Taxpayer is a bank which makes high-risk loans to persons whose credit does not qualify them for loans from the usual commercial banks. Because of the risk, it charges an average of 20% simple interest per annum. Loans are made for periods of six months to five years with approximately 42% of the dollar amount represented by five-year loans. About half of the loans are secured by second or third real estate mortgages and the other half either secured by chattel mortgages or unsecured.


Stated in terms of percentage of loans outstanding at the end of each year, the taxpayer's net loss was: 1965-1.0%; 1966-1.1%; 1967-1.3%. In its brief taxpayer says that its claimed deductions for additions to a reserve for bad debts "totalled slightly less than the total net bad debts actually charged off" during the years in issue. The Commissioner allowed such additions in the amount of .8% of the taxpayer's outstanding loans for each pertinent year. This resulted in deficiency assessments of $361.59 for 1965, $279.98 for 1966, and $3,968.96 for 1967.
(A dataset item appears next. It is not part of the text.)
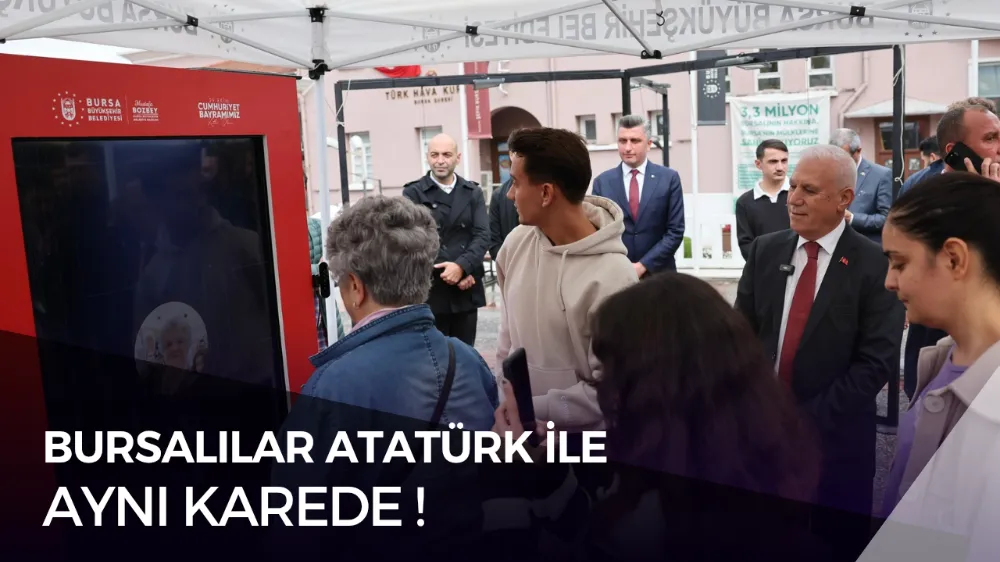BURSALILAR, ATATÜRK İLE AYNI KAREDE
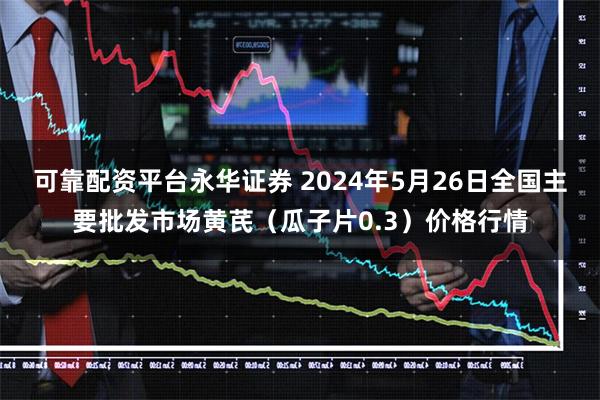 可靠配资平台永华证券 2024年5月26日全国主要批发市场黄芪（瓜子片0.3）价格行情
Section 166(a) of the Internal Revenue Code of 1954, 26 U.S.C. Sec. 166(a), permits an income tax deduction of "any debt which becomes worthless within the taxable year." Section 166(c) provides that


"In lieu of any deduction under subsection (a), there shall be allowed (in the discretion of the Secretary or his delegate) a deduction for a reasonable addition to a reserve for bad debts."
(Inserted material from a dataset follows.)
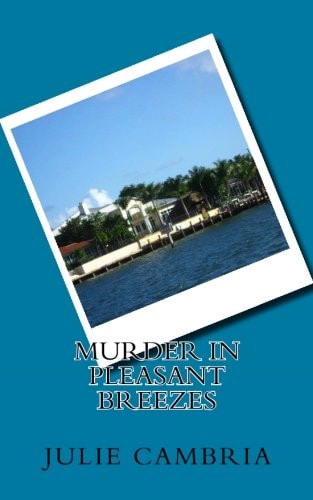Murder in Pleasant Breezes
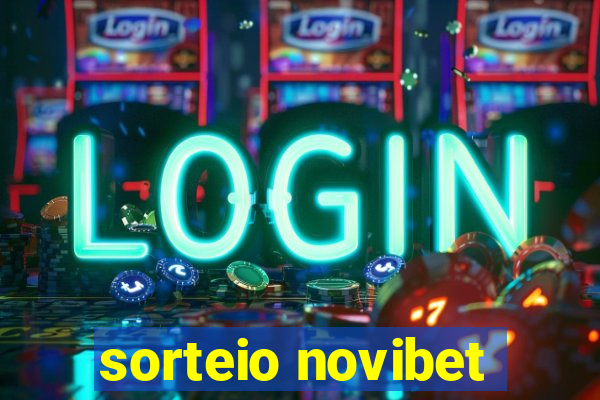 sorteio novibet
The reserve method of taking bad debt deductions has been a part of the revenue laws since 1921. See 42 Stat. 227, Sec. 234(a)(5). Historically, the treatment of a bank's bad debt reserves has been subject to various administrative pronouncements and policies. Under Mimeograph 6209, 1947-2 Cum.Bull. 26, banks were administratively permitted to establish bad debt reserves at three times their average annual loss experience. See First National Bank in Olney v. Commissioner, 7 Cir., 368 F.2d 164, 165-166. In 1965, Rev.Rul. 65-92, 1965-1 Cum.Bull. 112, established a uniform reserve ratio, which was codified by the Tax Reform Act of 1969 as Sec. 585 of the Internal Revenue Code. Rev.Rul. 65-92 is important to the consideration of the instant case.
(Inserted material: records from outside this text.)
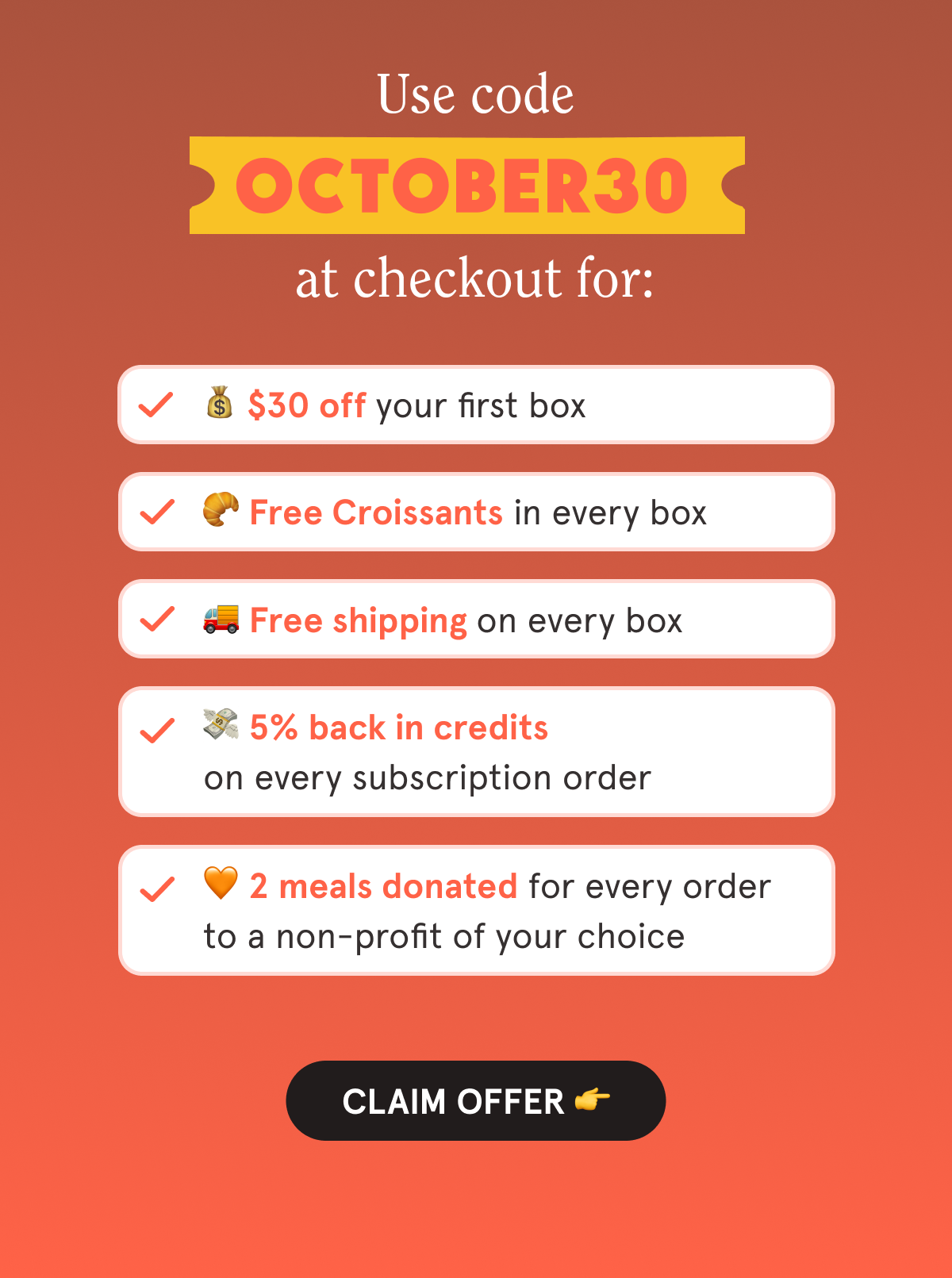 Use code OCTOBER0 at checkout for:  💰 $30 off your first box  🥐 Free Croissants in every box  🚚 Free shipping on every box  💳 5% back in credits on every subscription order  🧡 2 meals are donated with every order to a non-profit of your choice  CTA: CLAIM OFFER  👉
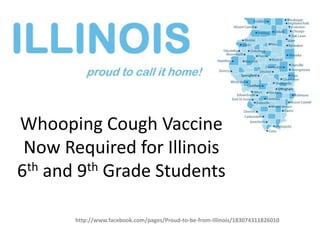 Whooping Cough Vaccine
 Now Required for Illinois
6th and 9th Grade Students

       http://www.facebook.com/pages/Proud-to-be-from-Illinois/183074311826010
 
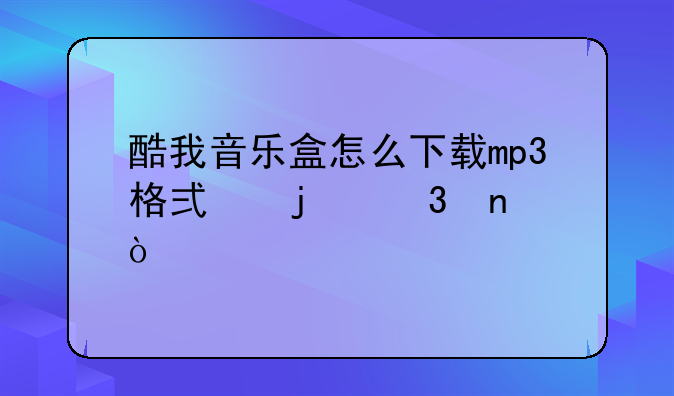 酷我音乐盒怎么下载mp3格式的歌曲？
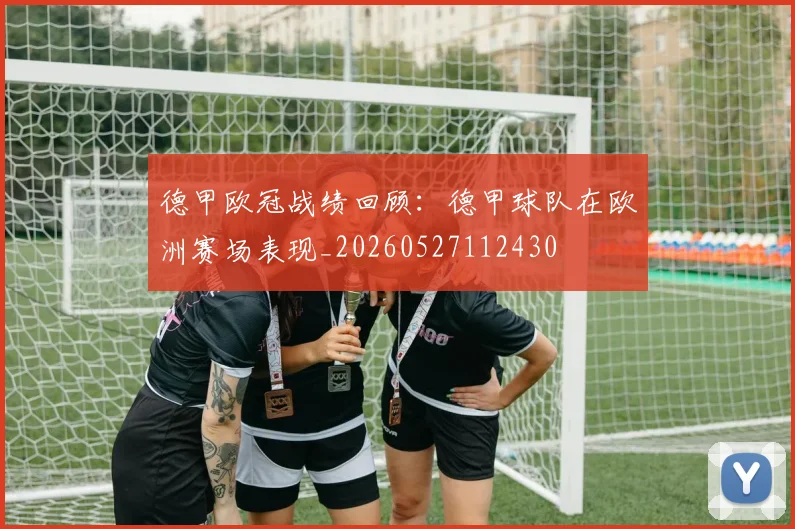 德甲欧冠战绩回顾：德甲球队在欧洲赛场表现_20260527112430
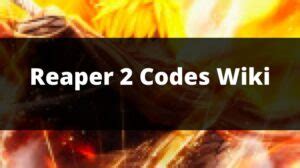 Reaper 2 Codes Wiki[XAxis and More] - MrGuider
The bad debt reserve method permits taxpayers to defer taxes on income in amounts of reasonable additions to the reserve each year, but such deferrals are justified under Sec. 166(c) only when the Commissioner is satisfied that such reserve additions are reasonable. A taxpayer attacking the Commissioner's determination that bad debt reserve additions are excessive has the burden of establishing that the additions were reasonable and that the denial of the additions was an abuse of discretion. Business Development Corporation of North Carolina v. United States, 4 Cir., 428 F.2d 451, 453, cert. denied 400 U.S. 957, 91 S.Ct. 355, 27 L.Ed.2d 265, and United States v. Haskel Engineering & Supply Co., 9 Cir., 380 F.2d 786, 789. By electing to use the bad debt reserve method the taxpayer subjects himself to the reasonable discretion of the Commissioner. American State Bank v. United States, 7 Cir., 279 F.2d 585, 589, cert. denied 364 U.S. 881, 81 S.Ct. 170, 5 L.Ed.2d 103. Before discussing Rev.Rul. 65-92, we note that revenue rulings do not have the force and effect of law but are for the information and guidance of taxpayers, IRS officials, and others concerned, and though entitled to consideration, they are accorded less weight than regulations. United States v. Eddy Brothers, Inc., 8 Cir., 291 F.2d 529, 531.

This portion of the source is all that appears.